Patient-reported outcomes: A 5-year long study reveals previously unreported therapeutic, demographic, socio-economic, and other correlations in vitiligo

Abstract

Vitiligo is a non-lethal, non-communicable, immune-mediated, and generally progressive skin disease, with poorly understood etiopathogenesis and weak evidence base. The aim of the study is to contribute to the scant research on the patient-reported outcomes in vitiligo, and to examine the presence of associations between various inputs for possible use in clinical practice. The study was designed as a web-based questionnaire with 40 inputs across seven dimensions. The questions include demographics, skin type, eye and natural hair color, age of respondent and age of onset, possible triggers, disease extent, localization, progression and activity, the efficacy of most common treatment modalities, medication side-effects, heredity and diseases among parents, and out-of-pocket expenses for treatments to date.
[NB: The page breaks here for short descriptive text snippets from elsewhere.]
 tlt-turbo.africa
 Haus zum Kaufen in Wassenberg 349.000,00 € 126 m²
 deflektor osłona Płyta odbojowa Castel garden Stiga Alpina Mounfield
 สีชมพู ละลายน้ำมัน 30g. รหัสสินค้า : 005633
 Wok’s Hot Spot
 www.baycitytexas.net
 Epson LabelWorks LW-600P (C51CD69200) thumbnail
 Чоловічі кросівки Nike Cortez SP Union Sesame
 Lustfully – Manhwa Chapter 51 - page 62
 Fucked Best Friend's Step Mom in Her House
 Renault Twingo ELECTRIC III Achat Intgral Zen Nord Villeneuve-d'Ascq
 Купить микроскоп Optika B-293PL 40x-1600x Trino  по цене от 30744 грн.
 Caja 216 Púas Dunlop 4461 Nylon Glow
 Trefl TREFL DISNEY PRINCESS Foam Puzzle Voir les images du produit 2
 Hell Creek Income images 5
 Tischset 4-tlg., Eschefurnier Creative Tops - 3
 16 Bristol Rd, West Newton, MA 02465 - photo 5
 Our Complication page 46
The analysis presented with this work contributes to the discussion about the relation between therapies, socio-economic factors, and treatment outcomes in vitiligo. All physicians should adequately manage patient expectations in terms of overall treatment duration and expected out-of-pocket expenses, and actively evaluate patients at shorter intervals. A more aggressive therapeutic approach using telehealth devices should be considered to supplement therapy, monitor treatment progress, and protocol compliance.